Methods: : BABL/c (H-2^d) received corneal allografts from C3H/He (H-2^k) were the allograft group, and BABL/c (H-2^d) were the donor as well as the recipient in the isograft group. The corneal graft survival time was recorded. Pre-, 3 days, 7 days, 4 weeks and 8 weeks post-operatively, the infiltration of inflammatory cells and the corneal neovascularization was evaluated by histopathology, the percentage of CD4⁺CD25⁺ and CD8⁺CD103⁺ T cell in peripheral blood and spleen was determined by flow cytometry, meanwhile, the expression of IL-10, IL-4, IFN-γ and IL-1β in serum and aqueous humor was measured by ELISA.

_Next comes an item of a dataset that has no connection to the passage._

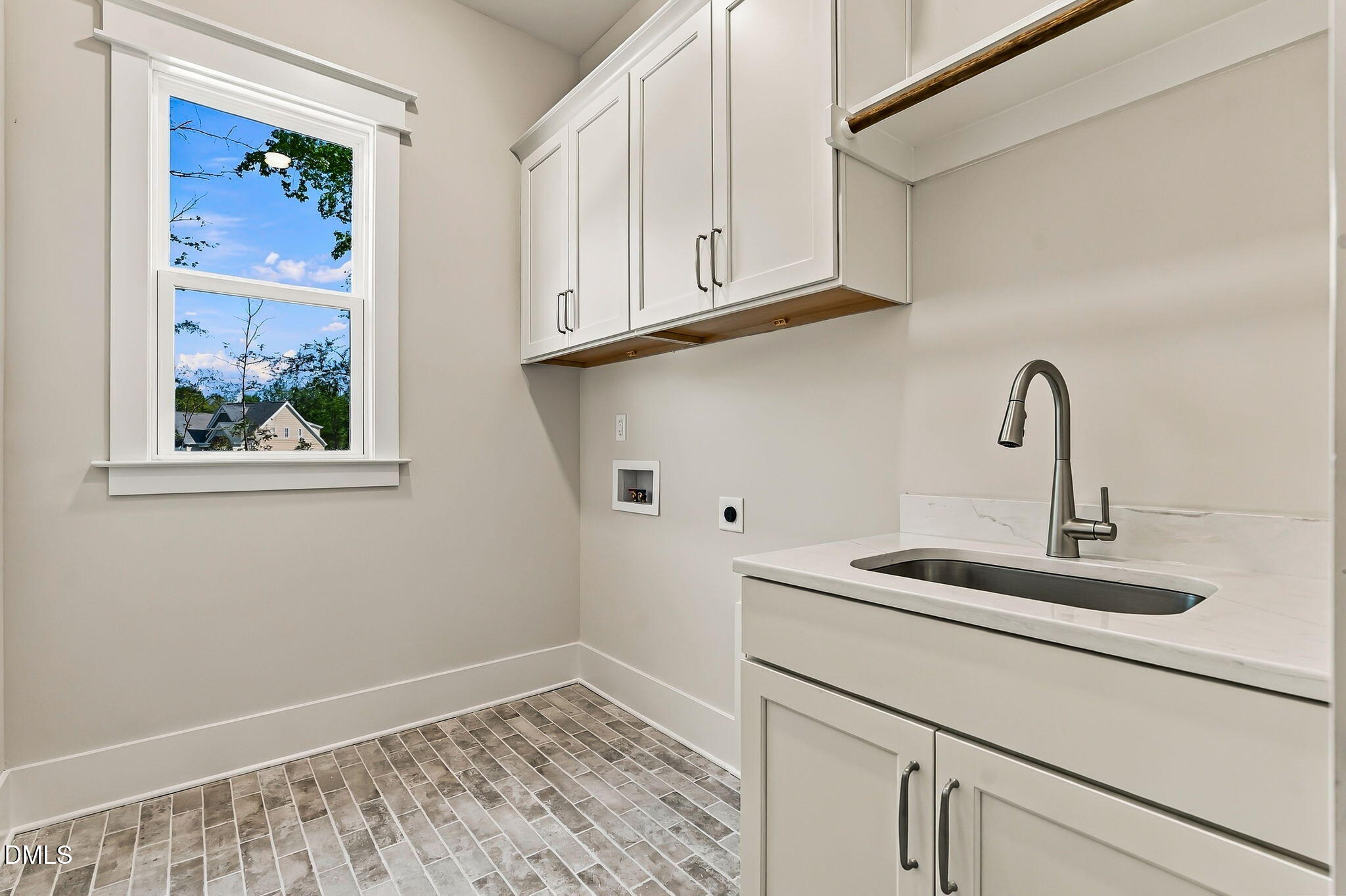 1208 Red Cedar Court Property Photo 43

Results: : The graft rejection in the allograft group occurred from 7 days to 4 weeks, mean (14.10±3.91) days (Figure A-D,I). But the grafts of the isograft group remained clear within the 8 weeks duration of observation(Figure E-H,J) and the survival time is much longer than that of the allografts(Χ²=44.080,P=0.000,Figue K). After transplantation, flow cytometry showed the percentage of CD4⁺CD25⁺Treg in peripheral blood in the isograft group raised much higher than that in the allograft group (P<0.05,Figure M). On the other hand, the expression of CD8⁺CD103⁺T cell in peripheral blood in the isograft group was much lower than that in the allograft group (P<0.05,Figure P). The change of CD4⁺CD25⁺ and CD8⁺CD103⁺ T cell in spleen (Figure N,Q) occurred earlier than that in peripheral blood. ELISA showed the expression of IL-10 and IL-4 in serum in the allograft group post-operatively was much lower than that in the isograft group (P<0.05,Table A,B). Otherwise, the level of IFN-γ and IL-1β in serum in the allograft group grew higher than that in the isograft group (P<0.05,Table C,D). Furthermore, the cytokines in aqueous humor behaved similarly with that in serum.

Conclusions: : The up-regulation of CD4⁺CD25⁺Tregs protected the corneal graft from rejection, which might be assoicated with the high expression of IL-10 and IL-4 . And the raise of CD8⁺CD103⁺Tregs took an important part in allograft rejection, which was likely due to the increased level of IFN-γ and IL-1β.